In fundamentalism, it’s
obvious which side is God’s: It’s all spelled out very clearly in a “literal”
interpretation of scripture. So there’s no problem going to extremes, because
you begin with 100% certainty.
But in liberal religion, how
to bring the spirit of your faith into the nitty-gritty of human experience is
always a bit mysterious, and you constantly have to re-examine your actions and
motives to be sure you’re still getting it right. That’s what Obama is talking
about:
We
should start with some basic humility. I believe that the starting point
of faith is some doubt — not being so full of yourself and so confident that
you are right and that God speaks only to us, and doesn’t speak to others, that
God only cares about us and doesn’t care about others, that somehow we alone
are in possession of the truth.
He goes on in that vein, in a
way that I find beautiful.
But you’d never know that
from the public discussion of his talk, which focused on this small excerpt,
one that comes right after Obama has criticized ISIL and “those who seek to
hijack religious for their own murderous ends”:
Lest
we get on our high horse and think this is unique to some other place, remember
that during the Crusades and the Inquisition, people committed terrible deeds
in the name of Christ. In our home country, slavery and Jim Crow all too
often was justified in the name of Christ.
The
president’s comments this morning at the prayer breakfast are the most
offensive I’ve ever heard a president make in my lifetime. He has offended
every believing Christian in the United States. This goes further to
the point that Mr. Obama does not believe in America or the values we all share.

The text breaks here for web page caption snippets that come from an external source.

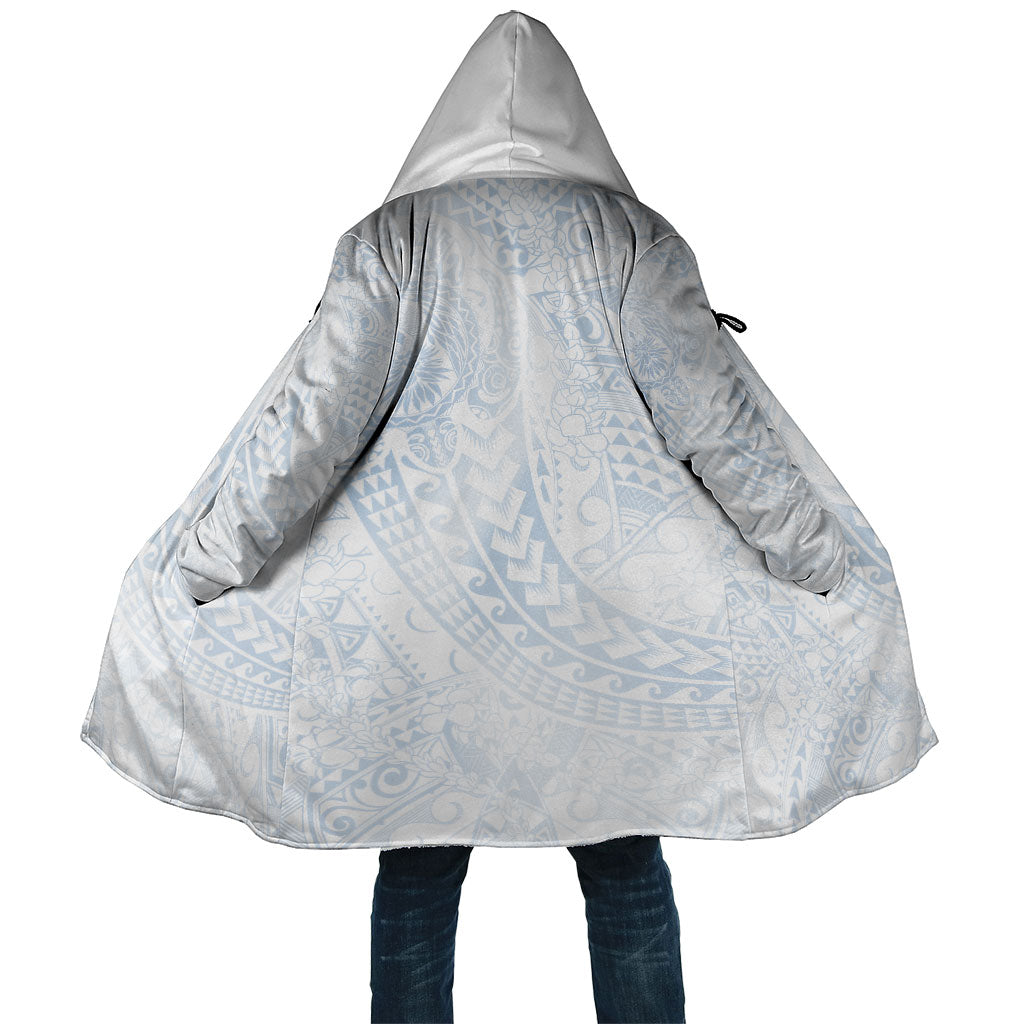 Hawaiian Turtles and Leis Cloak Tribal Kakau Pattern Airy White Blue Cloud Vibe LT03 Unisex White - Polynesian Pride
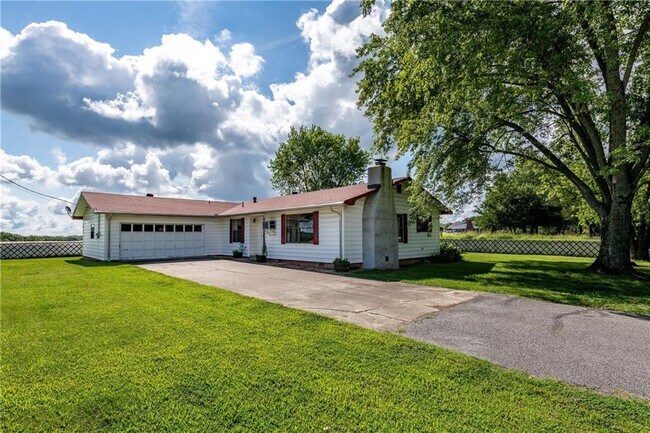 Building Photo - 14938 N Wimpy Jones Rd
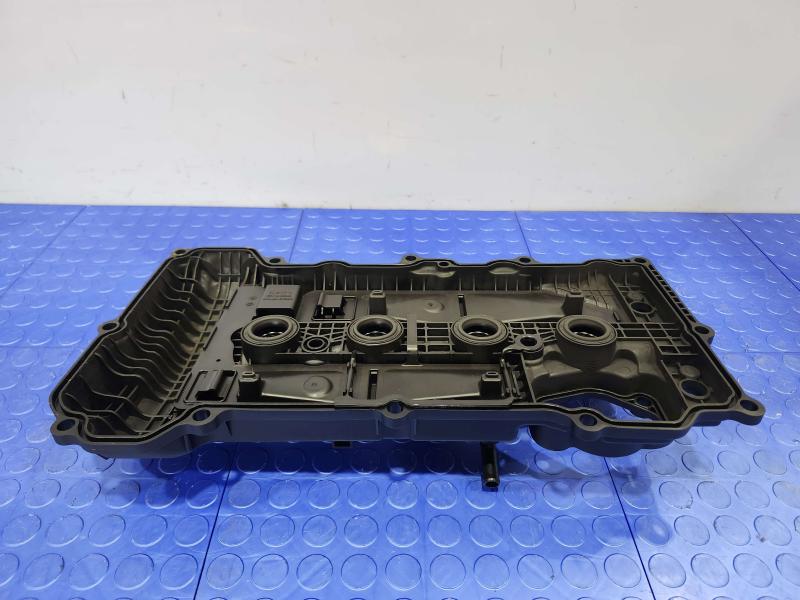 2016 Hyundai Sonata Valve Cover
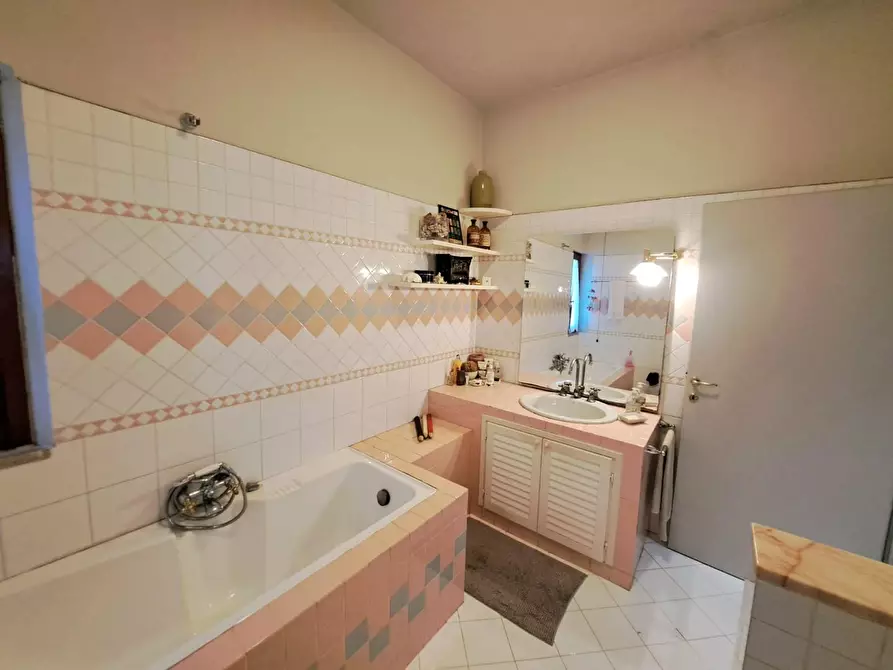 Immagine 21 di Casa bifamiliare in vendita  a Cerreto Guidi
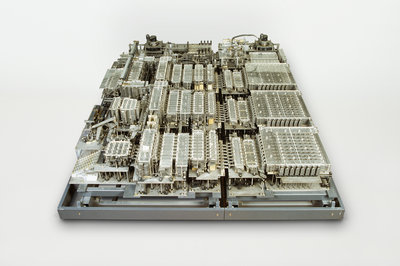 Tausende silbrig-graue, mechanische Schaltglieder sind das Herz des ersten Computers Zuse Z1. Sie sind in einen Metallrahmen montiert.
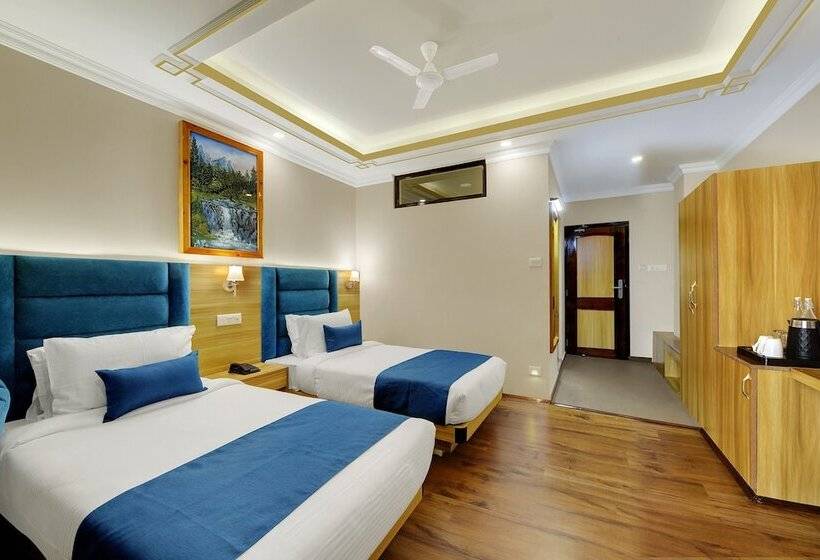 هتل Yashshree Sikkim Blossom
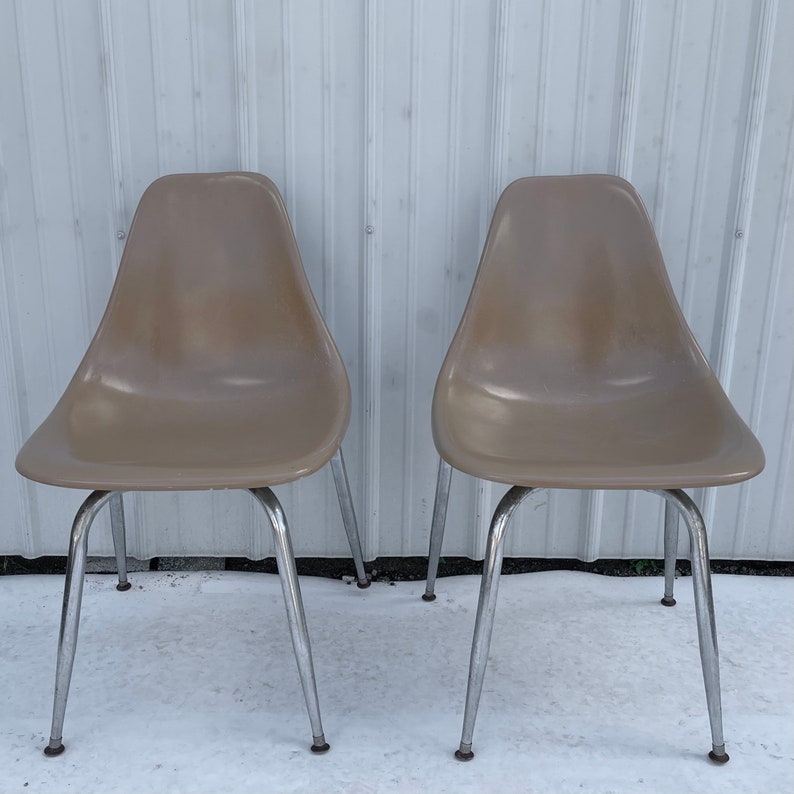 Pair Mid-Century Modern Shell Chairs image 2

Apparently one value Gilmore
thinks “we all share” is to regard whatever story makes us feel good as
“history”, no matter what actually happened. And he’s right: Obama doesn’t
believe in that. But neither do I or a lot of other Americans … or even a lot
of “believing Christians”.
Some secularists segued from Obama’s
criticism of Christianity to a denunciation of religion in general: They all
have been used to justify wars and atrocities at one time or another, so they
should all be done away with.
This is where I think the
Ta-Nehisi Coates quote at the top of this post fits in: People seeking power or
exercising power are always going to justify what they do in whatever way
things get justified in their culture. (Stalinists used to describe their
version of Marxism as “scientific” and make reference to the “laws of History”
rather than the will of God.) For most of history, that’s meant justification
in religious terms. But getting rid of religion wouldn’t change the underlying
dynamic. Rationalization will use whatever tools are at hand.
And religiously-justified
atrocities are never going to convince ordinary people stop practicing
religion. It’s like drinking alcohol: If you regularly enjoy a glass of wine at
dinner without it ever leading to anything horrible, hearing about drunk
drivers who kill innocent children or alcoholics who wreck their own lives
isn’t going to persuade you to stop. Your own positive experiences are always
going to trump horror stories about somebody else.